Start of DATA EXCERPTS
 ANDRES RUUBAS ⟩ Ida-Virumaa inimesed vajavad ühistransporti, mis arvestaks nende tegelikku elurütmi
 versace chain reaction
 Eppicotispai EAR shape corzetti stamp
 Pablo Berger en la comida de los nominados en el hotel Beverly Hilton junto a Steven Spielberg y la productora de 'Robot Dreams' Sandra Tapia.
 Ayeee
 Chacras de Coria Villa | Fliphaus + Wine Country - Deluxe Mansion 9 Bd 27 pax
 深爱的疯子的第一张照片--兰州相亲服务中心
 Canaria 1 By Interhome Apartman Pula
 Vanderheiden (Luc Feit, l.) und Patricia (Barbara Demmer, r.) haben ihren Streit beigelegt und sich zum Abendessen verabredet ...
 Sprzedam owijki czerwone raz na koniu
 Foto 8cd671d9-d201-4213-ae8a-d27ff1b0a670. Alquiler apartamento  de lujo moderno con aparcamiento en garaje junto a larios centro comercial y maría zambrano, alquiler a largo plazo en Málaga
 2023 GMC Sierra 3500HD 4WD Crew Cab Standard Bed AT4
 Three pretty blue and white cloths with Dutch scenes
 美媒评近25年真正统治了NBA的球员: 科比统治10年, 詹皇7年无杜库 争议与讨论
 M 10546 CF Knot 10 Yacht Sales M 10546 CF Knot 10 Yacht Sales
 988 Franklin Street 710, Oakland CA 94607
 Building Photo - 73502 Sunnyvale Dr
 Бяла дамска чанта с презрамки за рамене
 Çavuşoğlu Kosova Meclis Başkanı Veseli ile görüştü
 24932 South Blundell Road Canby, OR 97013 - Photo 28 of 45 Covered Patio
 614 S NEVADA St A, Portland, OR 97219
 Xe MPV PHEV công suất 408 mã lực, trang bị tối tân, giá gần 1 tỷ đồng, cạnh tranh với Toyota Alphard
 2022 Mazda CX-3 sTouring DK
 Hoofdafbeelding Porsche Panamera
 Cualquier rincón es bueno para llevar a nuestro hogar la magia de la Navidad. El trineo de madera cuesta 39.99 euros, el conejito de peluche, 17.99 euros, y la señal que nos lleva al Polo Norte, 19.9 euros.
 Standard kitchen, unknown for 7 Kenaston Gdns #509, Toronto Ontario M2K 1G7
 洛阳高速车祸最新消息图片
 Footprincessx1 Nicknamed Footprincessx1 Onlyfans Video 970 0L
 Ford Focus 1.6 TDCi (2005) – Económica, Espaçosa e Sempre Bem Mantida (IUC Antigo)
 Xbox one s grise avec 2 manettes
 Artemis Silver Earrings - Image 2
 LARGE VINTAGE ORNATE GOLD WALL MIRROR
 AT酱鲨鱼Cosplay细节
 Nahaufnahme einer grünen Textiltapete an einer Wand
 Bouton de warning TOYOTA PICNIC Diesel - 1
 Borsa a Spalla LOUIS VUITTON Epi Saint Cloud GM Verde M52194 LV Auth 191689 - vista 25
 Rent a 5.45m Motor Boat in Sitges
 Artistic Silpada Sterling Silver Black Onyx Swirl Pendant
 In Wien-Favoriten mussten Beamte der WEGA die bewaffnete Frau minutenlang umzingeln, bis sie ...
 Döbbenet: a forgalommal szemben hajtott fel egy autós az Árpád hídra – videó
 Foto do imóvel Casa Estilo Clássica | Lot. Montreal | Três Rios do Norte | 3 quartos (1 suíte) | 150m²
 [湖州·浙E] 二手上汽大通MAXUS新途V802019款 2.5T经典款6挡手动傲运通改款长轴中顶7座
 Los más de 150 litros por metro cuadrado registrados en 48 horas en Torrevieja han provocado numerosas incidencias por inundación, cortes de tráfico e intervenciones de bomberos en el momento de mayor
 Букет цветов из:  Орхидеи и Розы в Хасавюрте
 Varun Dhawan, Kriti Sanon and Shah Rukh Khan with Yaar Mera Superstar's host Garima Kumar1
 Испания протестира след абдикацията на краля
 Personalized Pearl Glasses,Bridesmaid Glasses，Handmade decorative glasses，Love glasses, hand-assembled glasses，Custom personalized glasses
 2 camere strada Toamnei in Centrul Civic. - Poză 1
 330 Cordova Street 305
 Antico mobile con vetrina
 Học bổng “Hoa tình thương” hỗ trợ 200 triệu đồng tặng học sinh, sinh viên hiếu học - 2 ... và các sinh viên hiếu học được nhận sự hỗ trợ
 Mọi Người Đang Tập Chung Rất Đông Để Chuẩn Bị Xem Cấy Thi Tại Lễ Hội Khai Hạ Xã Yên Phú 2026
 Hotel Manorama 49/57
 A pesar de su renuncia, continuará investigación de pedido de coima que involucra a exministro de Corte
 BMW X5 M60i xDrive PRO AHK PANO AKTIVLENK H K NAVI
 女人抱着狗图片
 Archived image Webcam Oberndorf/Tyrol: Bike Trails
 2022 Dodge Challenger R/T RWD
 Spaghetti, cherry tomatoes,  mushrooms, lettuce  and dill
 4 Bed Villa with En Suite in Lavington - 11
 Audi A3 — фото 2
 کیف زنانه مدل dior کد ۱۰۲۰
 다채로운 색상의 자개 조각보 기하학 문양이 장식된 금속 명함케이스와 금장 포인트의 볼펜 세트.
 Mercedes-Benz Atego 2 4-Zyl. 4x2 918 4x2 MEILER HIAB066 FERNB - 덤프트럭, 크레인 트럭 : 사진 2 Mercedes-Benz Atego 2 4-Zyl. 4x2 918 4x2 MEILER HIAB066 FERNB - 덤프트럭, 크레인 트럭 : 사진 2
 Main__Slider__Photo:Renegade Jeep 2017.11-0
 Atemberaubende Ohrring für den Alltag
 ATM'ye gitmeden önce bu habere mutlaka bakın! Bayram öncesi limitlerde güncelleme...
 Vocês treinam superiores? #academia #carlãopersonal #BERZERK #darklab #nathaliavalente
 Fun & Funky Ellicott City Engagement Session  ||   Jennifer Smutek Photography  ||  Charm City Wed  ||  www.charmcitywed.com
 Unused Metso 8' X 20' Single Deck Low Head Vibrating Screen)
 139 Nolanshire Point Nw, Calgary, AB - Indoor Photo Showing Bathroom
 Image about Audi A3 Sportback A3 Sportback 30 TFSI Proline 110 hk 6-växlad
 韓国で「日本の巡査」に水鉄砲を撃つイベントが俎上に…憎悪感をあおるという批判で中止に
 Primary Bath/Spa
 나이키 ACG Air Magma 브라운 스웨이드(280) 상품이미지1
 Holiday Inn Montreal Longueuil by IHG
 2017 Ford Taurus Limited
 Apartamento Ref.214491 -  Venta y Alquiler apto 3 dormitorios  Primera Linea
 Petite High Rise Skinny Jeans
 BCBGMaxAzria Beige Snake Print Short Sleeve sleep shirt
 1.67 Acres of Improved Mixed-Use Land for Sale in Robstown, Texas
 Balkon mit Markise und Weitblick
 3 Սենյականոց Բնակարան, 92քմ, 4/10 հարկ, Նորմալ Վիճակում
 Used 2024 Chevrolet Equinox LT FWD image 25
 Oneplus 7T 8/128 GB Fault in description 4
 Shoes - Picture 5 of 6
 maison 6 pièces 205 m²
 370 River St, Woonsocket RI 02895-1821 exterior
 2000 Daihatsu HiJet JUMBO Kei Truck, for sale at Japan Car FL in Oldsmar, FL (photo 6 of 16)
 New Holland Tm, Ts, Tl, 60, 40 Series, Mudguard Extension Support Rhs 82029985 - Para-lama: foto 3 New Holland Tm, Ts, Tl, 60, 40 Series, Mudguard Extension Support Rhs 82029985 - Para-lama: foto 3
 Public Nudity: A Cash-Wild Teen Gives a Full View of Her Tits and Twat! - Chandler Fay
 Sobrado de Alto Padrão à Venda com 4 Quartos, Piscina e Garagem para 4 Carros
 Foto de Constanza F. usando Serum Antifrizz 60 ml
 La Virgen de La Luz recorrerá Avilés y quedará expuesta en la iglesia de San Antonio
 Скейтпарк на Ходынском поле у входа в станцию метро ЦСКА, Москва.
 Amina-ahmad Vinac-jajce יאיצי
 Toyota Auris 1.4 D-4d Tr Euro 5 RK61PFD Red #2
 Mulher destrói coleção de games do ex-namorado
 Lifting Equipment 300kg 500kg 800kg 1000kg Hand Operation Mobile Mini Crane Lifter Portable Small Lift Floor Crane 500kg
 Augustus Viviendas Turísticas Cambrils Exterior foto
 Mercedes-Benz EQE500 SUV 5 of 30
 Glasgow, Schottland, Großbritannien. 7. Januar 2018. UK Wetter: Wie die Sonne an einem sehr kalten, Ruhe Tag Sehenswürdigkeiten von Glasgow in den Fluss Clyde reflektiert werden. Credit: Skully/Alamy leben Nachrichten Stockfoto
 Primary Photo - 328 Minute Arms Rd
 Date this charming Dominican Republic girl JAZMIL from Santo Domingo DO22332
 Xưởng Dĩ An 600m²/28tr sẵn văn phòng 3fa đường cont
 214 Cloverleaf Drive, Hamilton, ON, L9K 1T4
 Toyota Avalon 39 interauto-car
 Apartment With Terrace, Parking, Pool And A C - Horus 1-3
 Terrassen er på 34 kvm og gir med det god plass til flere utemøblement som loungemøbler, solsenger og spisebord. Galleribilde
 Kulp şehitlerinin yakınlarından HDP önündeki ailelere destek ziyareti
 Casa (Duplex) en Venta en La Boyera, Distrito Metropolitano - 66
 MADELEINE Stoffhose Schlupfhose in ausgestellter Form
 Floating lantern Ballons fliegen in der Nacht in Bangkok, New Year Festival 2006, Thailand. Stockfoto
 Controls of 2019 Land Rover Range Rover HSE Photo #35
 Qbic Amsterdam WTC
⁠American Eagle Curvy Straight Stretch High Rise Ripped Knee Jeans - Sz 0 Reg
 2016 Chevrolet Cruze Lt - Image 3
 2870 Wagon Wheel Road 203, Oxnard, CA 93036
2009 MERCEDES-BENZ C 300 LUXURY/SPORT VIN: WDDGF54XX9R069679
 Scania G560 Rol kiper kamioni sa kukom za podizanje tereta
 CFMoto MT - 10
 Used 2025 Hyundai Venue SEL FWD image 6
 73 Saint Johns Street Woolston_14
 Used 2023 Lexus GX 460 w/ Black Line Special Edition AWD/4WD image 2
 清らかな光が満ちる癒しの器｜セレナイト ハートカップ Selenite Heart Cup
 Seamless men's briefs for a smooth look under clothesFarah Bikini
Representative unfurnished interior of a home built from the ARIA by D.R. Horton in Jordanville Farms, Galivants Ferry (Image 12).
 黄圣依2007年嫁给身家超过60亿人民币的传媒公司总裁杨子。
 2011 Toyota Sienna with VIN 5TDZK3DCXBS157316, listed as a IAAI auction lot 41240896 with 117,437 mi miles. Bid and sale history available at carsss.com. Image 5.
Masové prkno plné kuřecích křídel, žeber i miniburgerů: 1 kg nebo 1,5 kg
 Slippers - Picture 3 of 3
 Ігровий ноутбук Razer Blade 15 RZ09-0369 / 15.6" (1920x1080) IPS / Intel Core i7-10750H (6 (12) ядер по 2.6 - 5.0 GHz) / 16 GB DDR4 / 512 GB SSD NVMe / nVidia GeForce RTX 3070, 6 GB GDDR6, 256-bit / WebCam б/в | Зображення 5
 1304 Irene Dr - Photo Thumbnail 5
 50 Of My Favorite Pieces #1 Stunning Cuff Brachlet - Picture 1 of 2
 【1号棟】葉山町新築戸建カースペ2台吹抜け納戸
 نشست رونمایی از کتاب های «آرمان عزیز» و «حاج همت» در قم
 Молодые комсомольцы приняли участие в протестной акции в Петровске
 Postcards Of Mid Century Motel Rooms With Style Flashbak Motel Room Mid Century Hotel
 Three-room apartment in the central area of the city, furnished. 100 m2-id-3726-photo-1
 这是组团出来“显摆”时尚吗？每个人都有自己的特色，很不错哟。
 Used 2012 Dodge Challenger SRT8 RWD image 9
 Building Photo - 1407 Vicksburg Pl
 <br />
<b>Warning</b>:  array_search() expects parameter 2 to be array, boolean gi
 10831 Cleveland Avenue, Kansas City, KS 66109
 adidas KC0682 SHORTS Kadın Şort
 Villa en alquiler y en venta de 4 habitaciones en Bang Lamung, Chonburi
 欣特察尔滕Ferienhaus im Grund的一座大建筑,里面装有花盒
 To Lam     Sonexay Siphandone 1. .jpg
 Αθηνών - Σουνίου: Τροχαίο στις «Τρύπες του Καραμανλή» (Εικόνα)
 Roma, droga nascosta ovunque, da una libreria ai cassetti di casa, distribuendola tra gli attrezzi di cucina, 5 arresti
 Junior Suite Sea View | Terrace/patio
End of DATA EXCERPTS
- [WHAT IS BEING ASKED]:
Report the number of lines above containing the word "junto", with no other text.

- [OUTPUT BELOW]:
2